In the entries below, find the line with "cherry blossoms in japan" and the line with "4813 W 48th Street, Baldwin, MI, 49304-7145"; give again those lines and every line between them, exactly.

▶ [Stored data]

--------

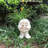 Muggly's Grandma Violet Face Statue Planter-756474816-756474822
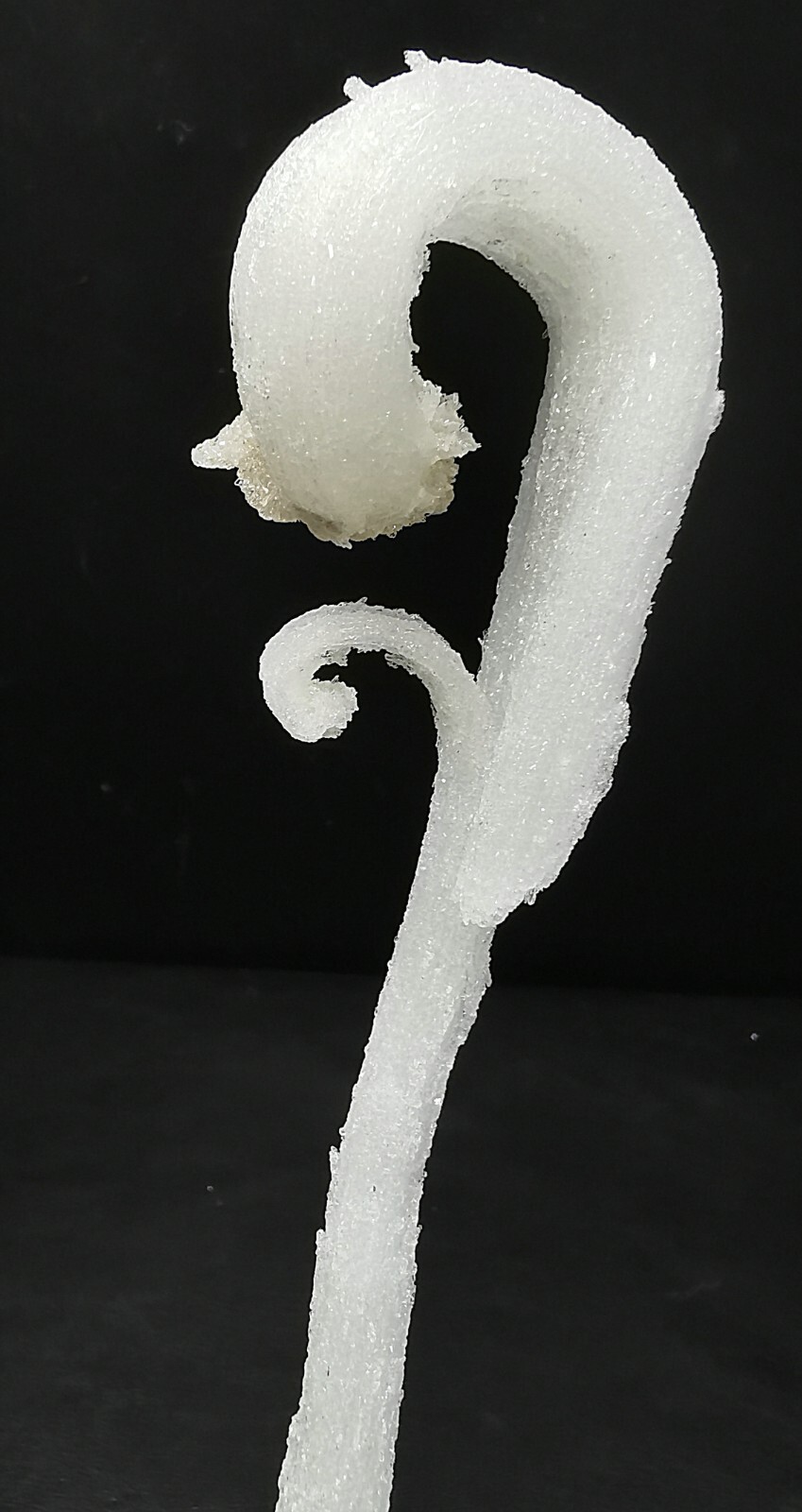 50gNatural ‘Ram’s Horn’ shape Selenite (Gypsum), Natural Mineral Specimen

--------

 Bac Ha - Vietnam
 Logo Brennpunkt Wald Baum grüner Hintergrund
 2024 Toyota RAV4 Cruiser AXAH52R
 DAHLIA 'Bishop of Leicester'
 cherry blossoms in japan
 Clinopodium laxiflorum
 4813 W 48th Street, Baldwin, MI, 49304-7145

--------

▶ [Written answer]
 cherry blossoms in japan
 Clinopodium laxiflorum
 4813 W 48th Street, Baldwin, MI, 49304-7145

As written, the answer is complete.